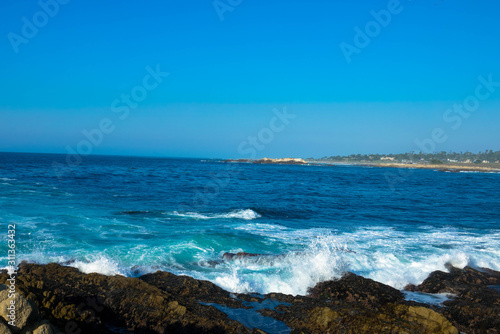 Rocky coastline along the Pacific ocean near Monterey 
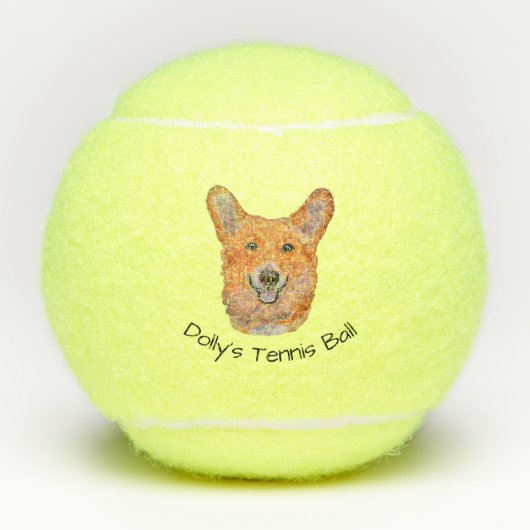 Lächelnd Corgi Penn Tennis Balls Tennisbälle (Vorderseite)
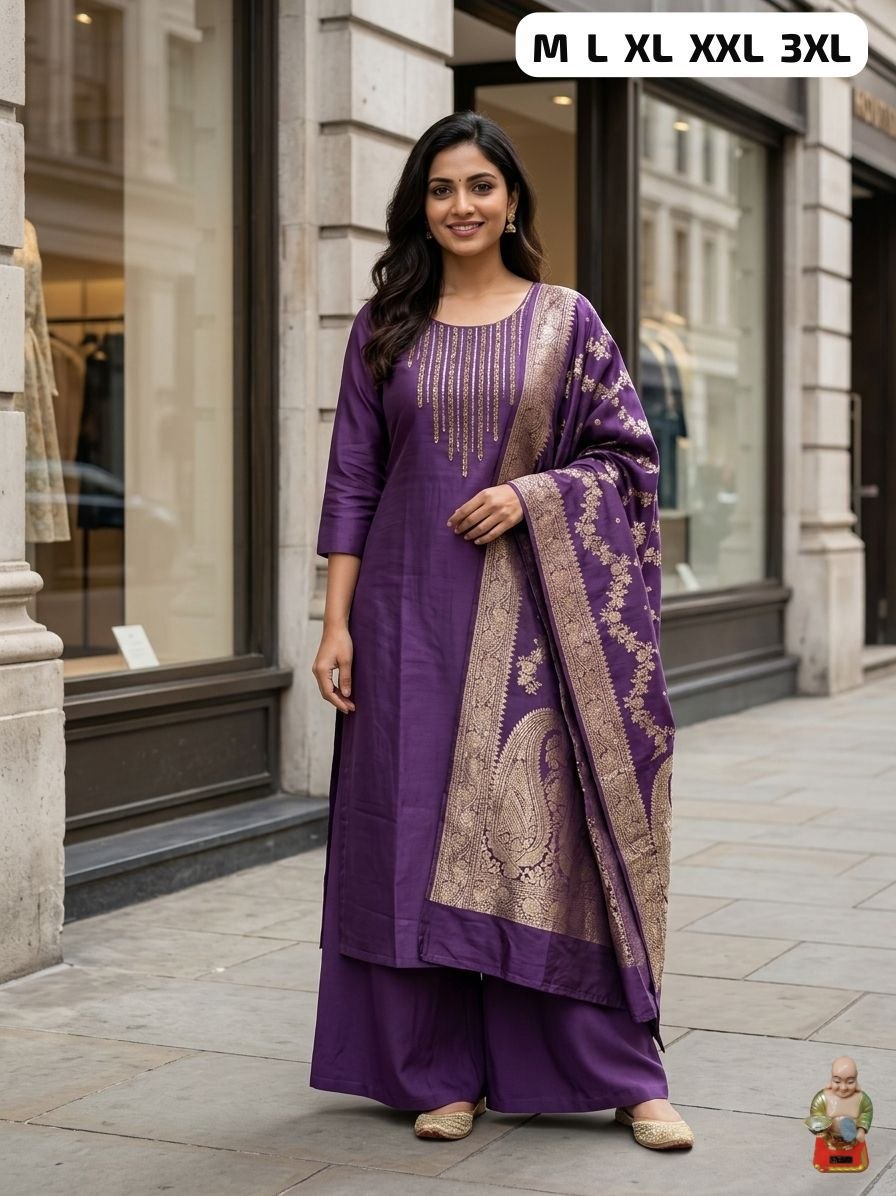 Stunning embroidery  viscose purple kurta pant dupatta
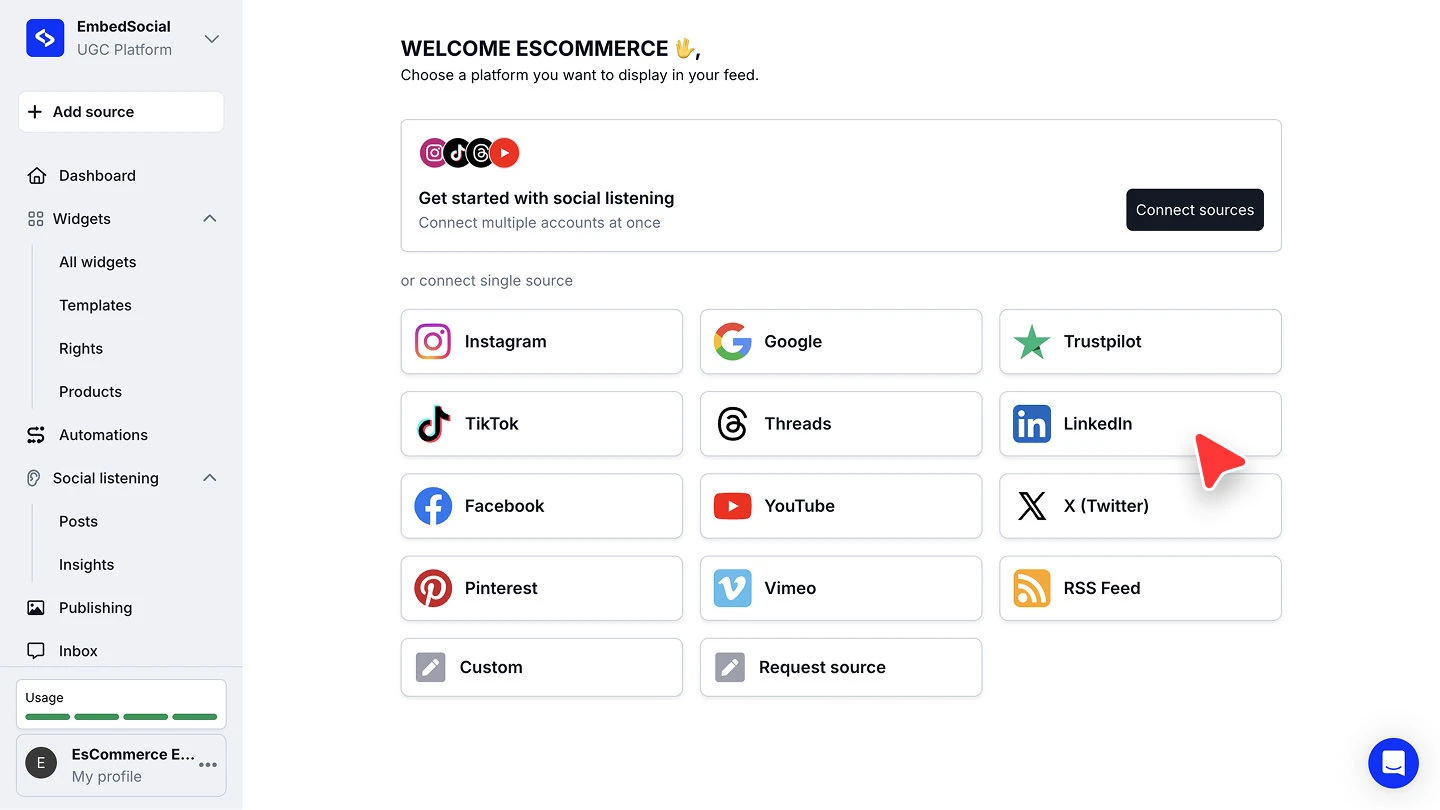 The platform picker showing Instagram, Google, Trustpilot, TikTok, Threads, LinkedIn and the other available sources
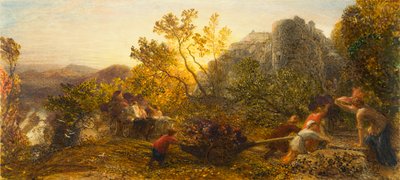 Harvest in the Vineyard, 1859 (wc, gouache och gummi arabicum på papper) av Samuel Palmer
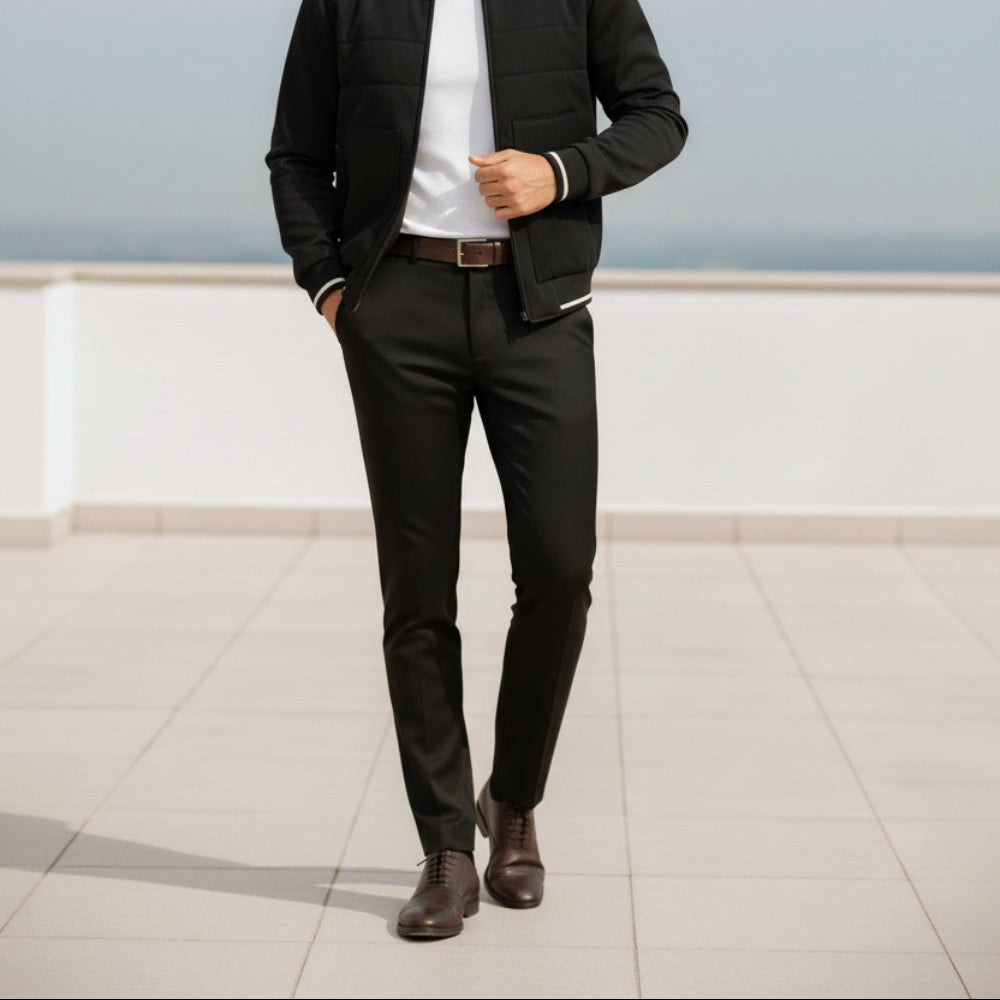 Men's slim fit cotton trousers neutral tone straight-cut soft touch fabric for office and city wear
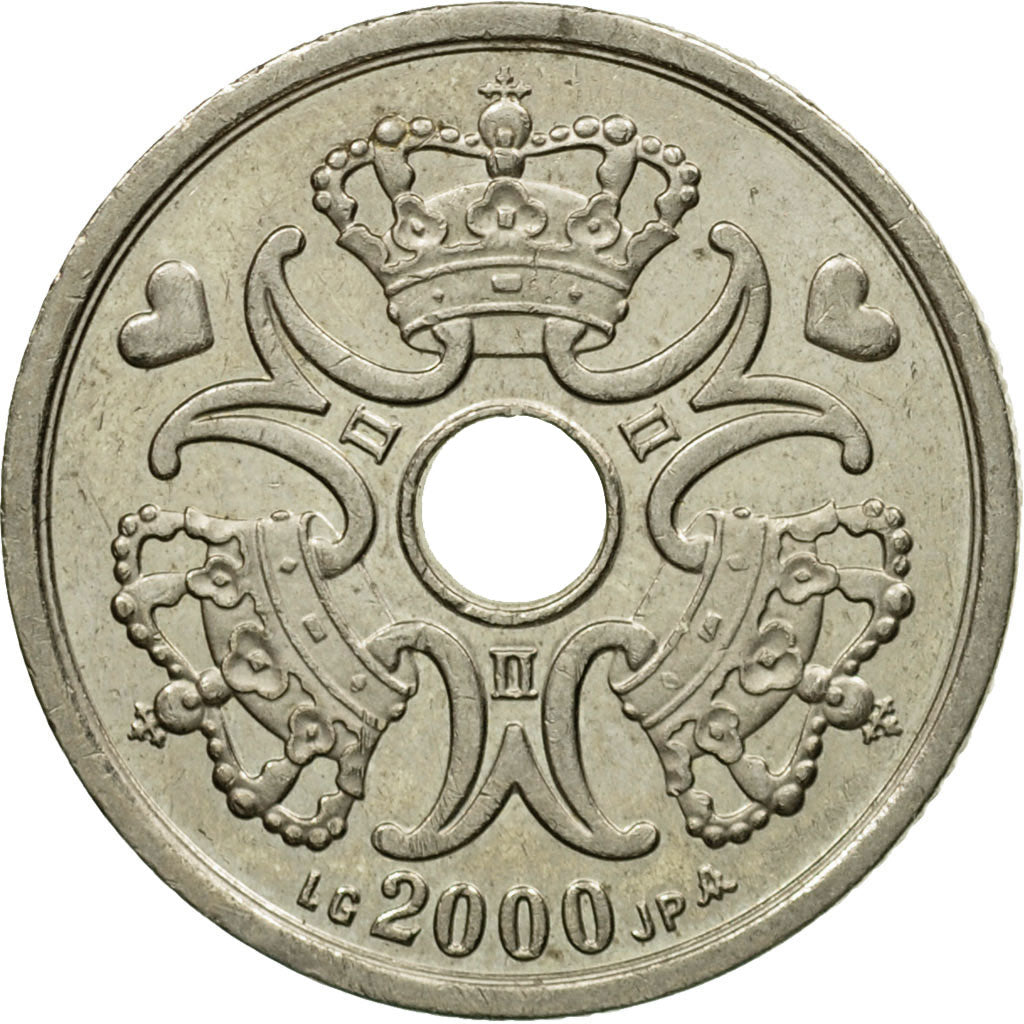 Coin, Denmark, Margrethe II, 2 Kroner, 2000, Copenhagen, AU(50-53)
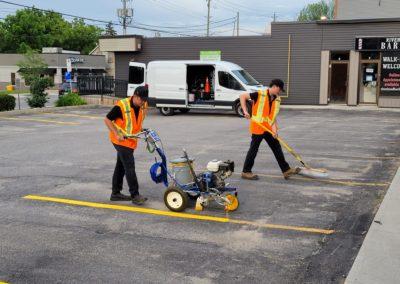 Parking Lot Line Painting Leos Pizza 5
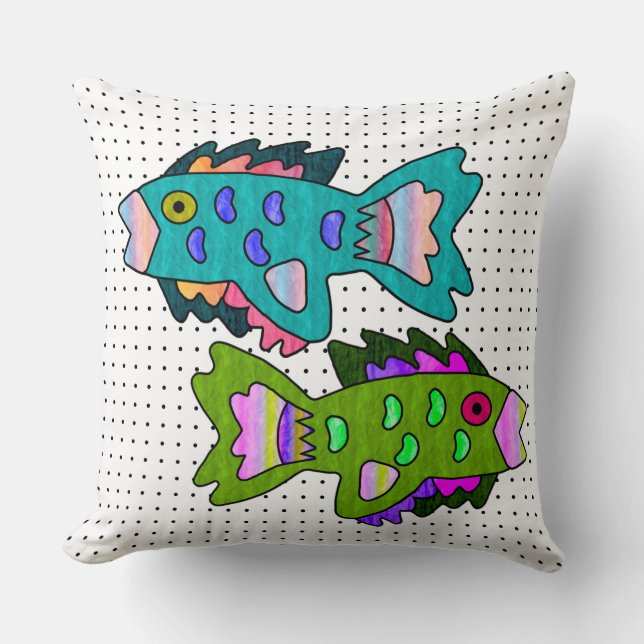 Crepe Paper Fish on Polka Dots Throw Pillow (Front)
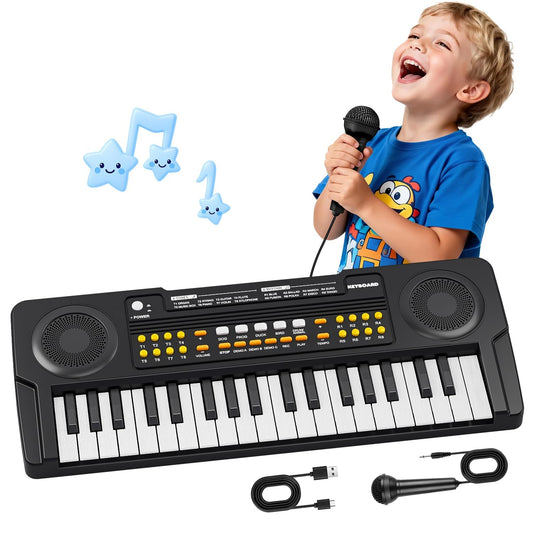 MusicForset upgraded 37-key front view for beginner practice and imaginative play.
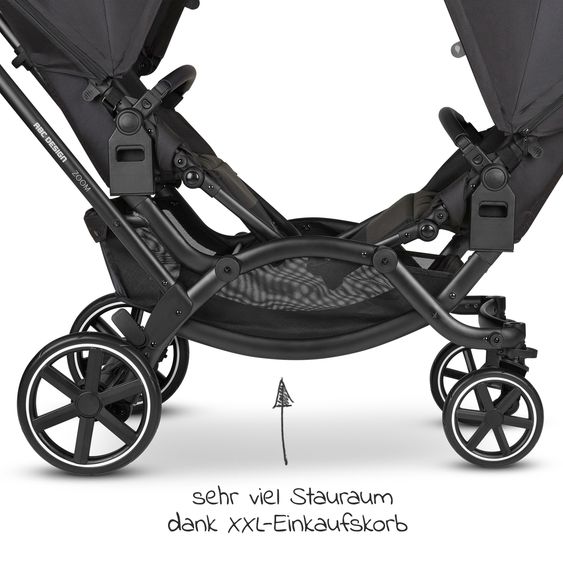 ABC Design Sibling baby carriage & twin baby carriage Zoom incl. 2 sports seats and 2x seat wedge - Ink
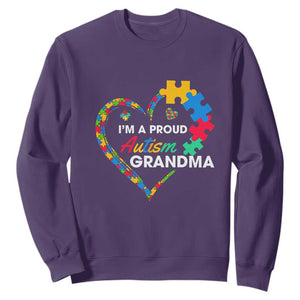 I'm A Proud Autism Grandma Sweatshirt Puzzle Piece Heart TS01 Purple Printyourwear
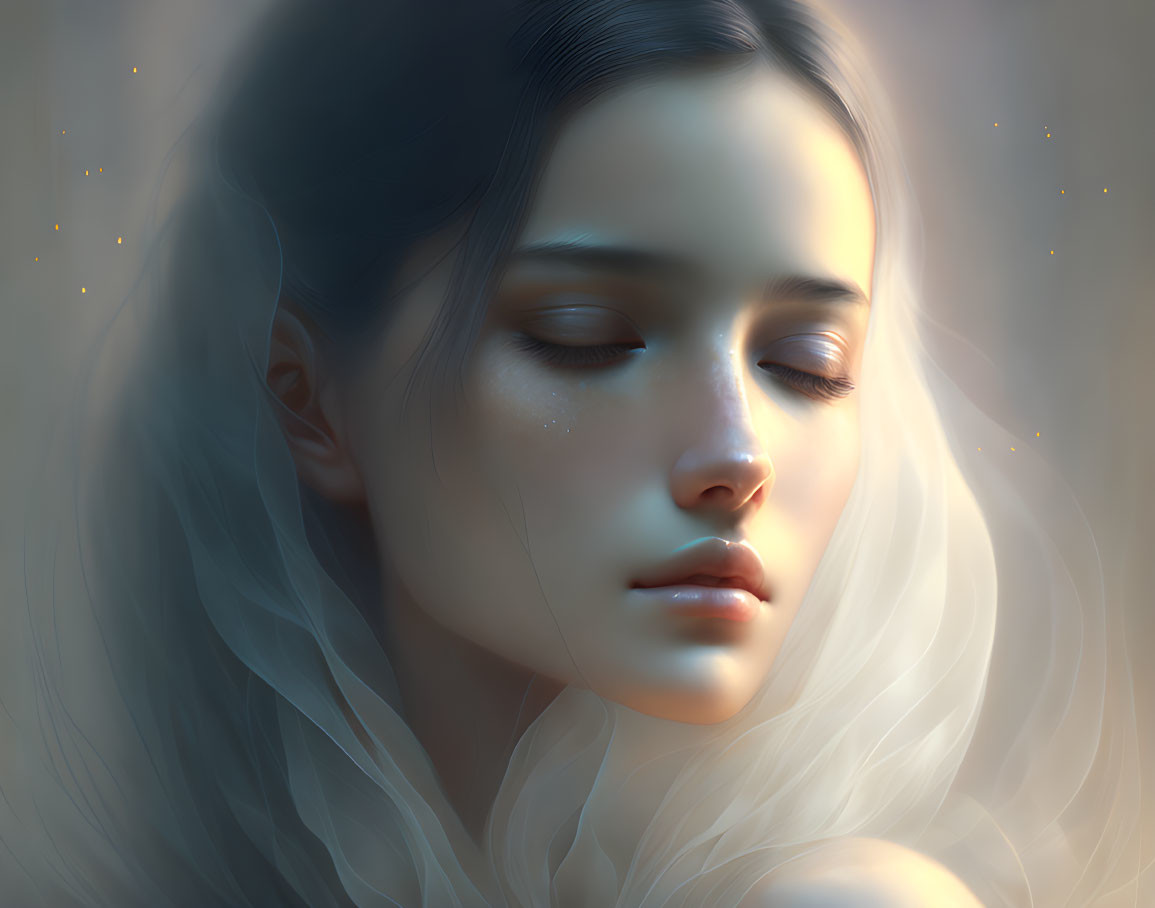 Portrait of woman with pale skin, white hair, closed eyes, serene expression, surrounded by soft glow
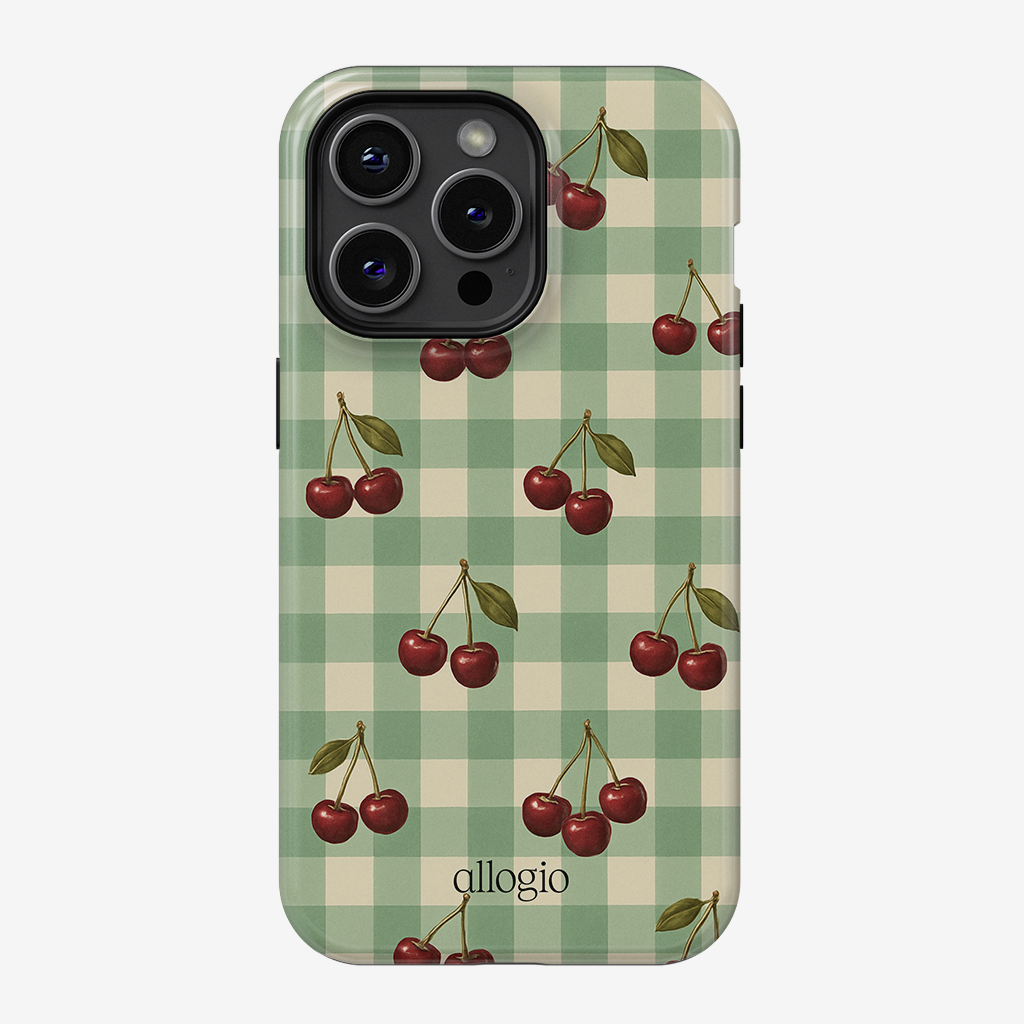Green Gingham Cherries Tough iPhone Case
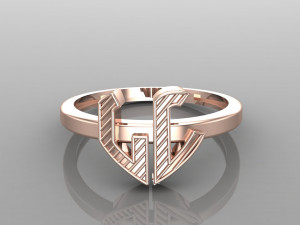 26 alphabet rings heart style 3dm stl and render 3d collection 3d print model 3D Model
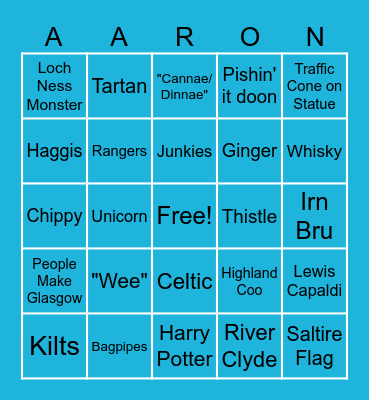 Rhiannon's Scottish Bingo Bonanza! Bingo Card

▸ EXERCISE BRIEF:
Above are the records; set down exactly the lines from the line containing "Crepe Paper Fish" through their last line, leaving every picture out.

▸ RESPONSE FOR THIS EXERCISE:
 Crepe Paper Fish on Polka Dots Throw Pillow (Front)
 MusicForset upgraded 37-key front view for beginner practice and imaginative play.
 ABC Design Sibling baby carriage & twin baby carriage Zoom incl. 2 sports seats and 2x seat wedge - Ink
 I'm A Proud Autism Grandma Sweatshirt Puzzle Piece Heart TS01 Purple Printyourwear
 Portrait of woman with pale skin, white hair, closed eyes, serene expression, surrounded by soft glow
Green Gingham Cherries Tough iPhone Case
 26 alphabet rings heart style 3dm stl and render 3d collection 3d print model 3D Model
 Rhiannon's Scottish Bingo Bonanza! Bingo Card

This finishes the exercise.